Operation Christmas Child – Shoebox Collection Week is Here!

Looking for space to breathe

Originally published Monday, 29 July 2013.

I'm out here in our side yard, pulling a paint-splattered brush handle back and forth across white primed wood. It's quiet here, underneath the green tarp we use for camping and Justin pulled up across the fence to shield me from the sun while I work.

Since returning from vacation I have been opening too-full cupboards here and tossing upside drawers stuffed with things we don't need. An unfamiliar, uncomfortable ache surprises me, propelling me toward ridding this little house of things cluttering our precious space. Things making my heart feel tight, worn, distracted.

Shelves of toys. Stacks of art supplies and piles of clothes ill-fitting and no longer worn. My boys and little girl's collections over the spring need to be tended to--walking sticks, a broken, homemade wooden bow, end-of-school letters, bent paper airplanes, broken plastic army men, Barbies long-since enjoyed. The abundance of things can paralyze me, making a new part of me feel almost sick. And we--the kids and I--spend time each week, these long summer days, clearing things out, making space in our hearts for less--things, clutter, stuff.

I have friends who inspire me with their pursuit of clearing out of their home anything non essential, anything unneeded or nonsacred.  Kristin's space is a haven of beauty and light and white. Her home is a sanctuary to writers and artists and friends--creatives whose hearts need space to think and feel and breathe. I spend a June morning here, the next to the last day of school, ensconced in a pillowed chair in her backyard, watching sunlight on grass and listening and scrawling down love letters with shaky hand.

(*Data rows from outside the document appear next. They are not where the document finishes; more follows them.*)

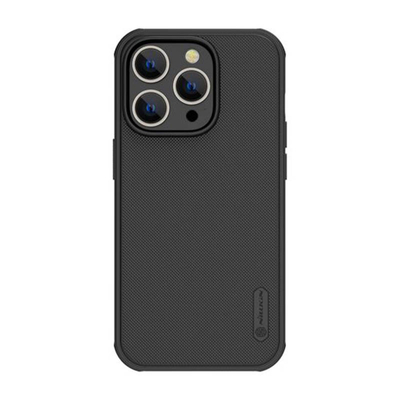 Product Θήκη Nillkin Super Frosted Shield Pro για Appple iPhone 14 Pro (black) base image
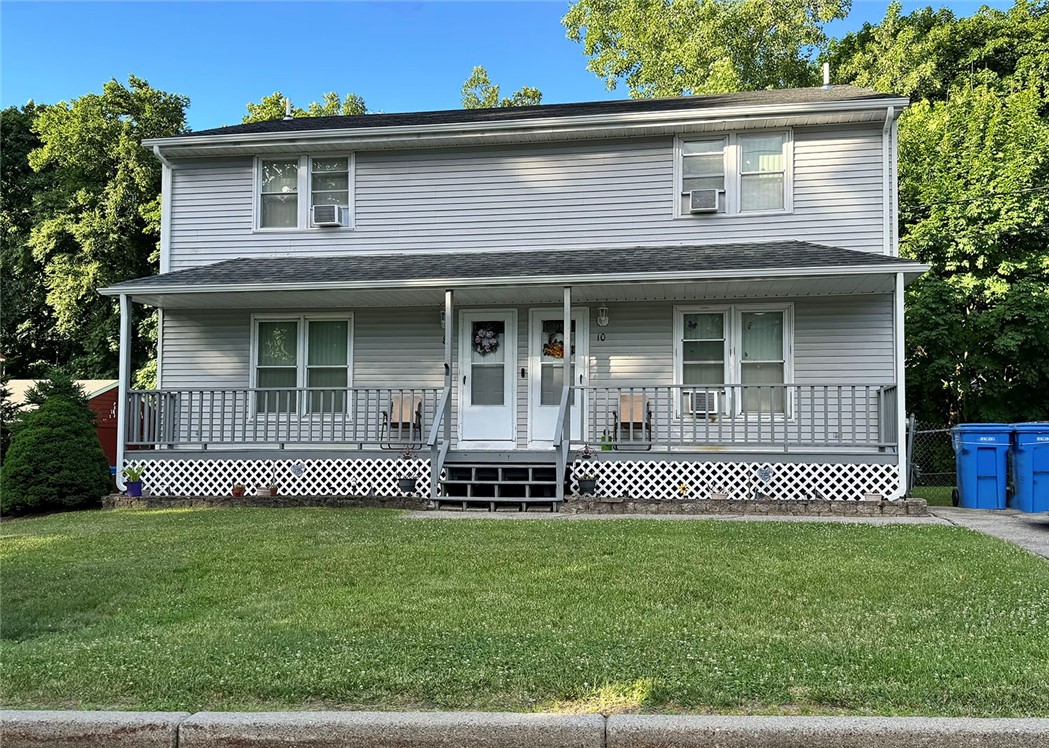 8 Hill Avenue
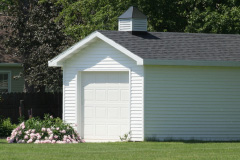 Keeston outbuilding construction costs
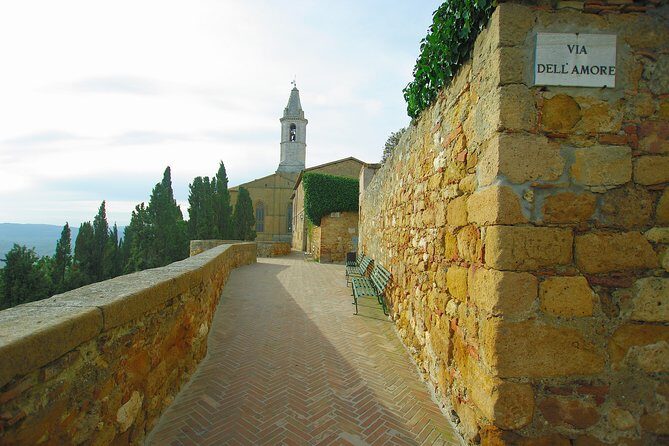 Private Guided Tour of Pienza on Foot - Practical Aspects and What It Means for You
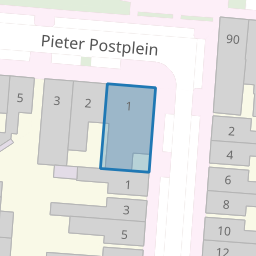 Perceel TBG01-N-9542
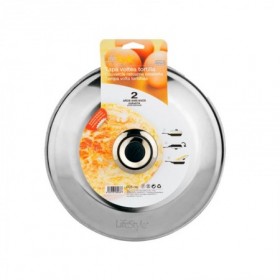 Comprar Voltea Tortilla Inoxidable 26 Cm 3026 Blister Lifestyle 34048 al Mejor Precio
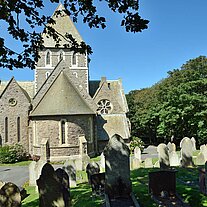 Friedhof von Alderney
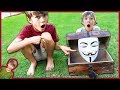 FAKE GAME MASTERS STOLE TOP SECRET TREASURE CHEST CLUES (MAY BE THE HACKER)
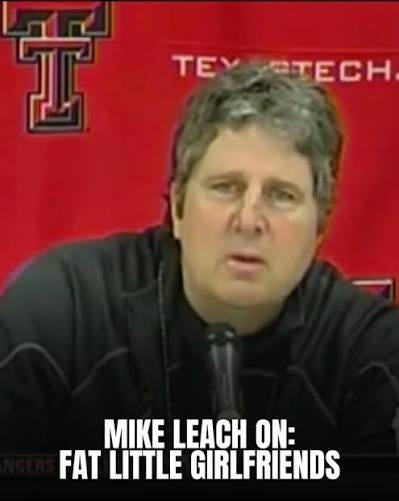 There was nobody in college football quite like The Pirate, Mike Leach,  #collegefootball #cfb #ncaafootball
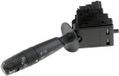 NTY Stuurkolomschakelaar EPE-CT-001 - Zwart - Geschikt voor Peugeot 406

I tell her, my sweet, wise friend, upon leaving, "I am wrapped up in peace here. Your home is beautiful." And I can't tell if it is the beauty of the space--her wide-open-space rooms--I am talking about, or the way my heart feels when I cross the steps of her front door. She responds, "everything in here can only stay if it has a place." If there is no place for the item, no matter how beloved, it must be shed. And I realize the physical can manifest peace when married with space for each of us, uniquely, to breathe.

Perhaps, this is peace, a friend who loves and encourages me on--my finding of a space where I am Home.

In the mean time I haul things out of my house and brush on this old dresser what I think must be one of the colors of heaven. . .

This Father of mine is wrestling me--the Artist who fights for freedom with beauty-- showing me new ways He wants me to be free.

How is the Father tugging on your heart, this summer?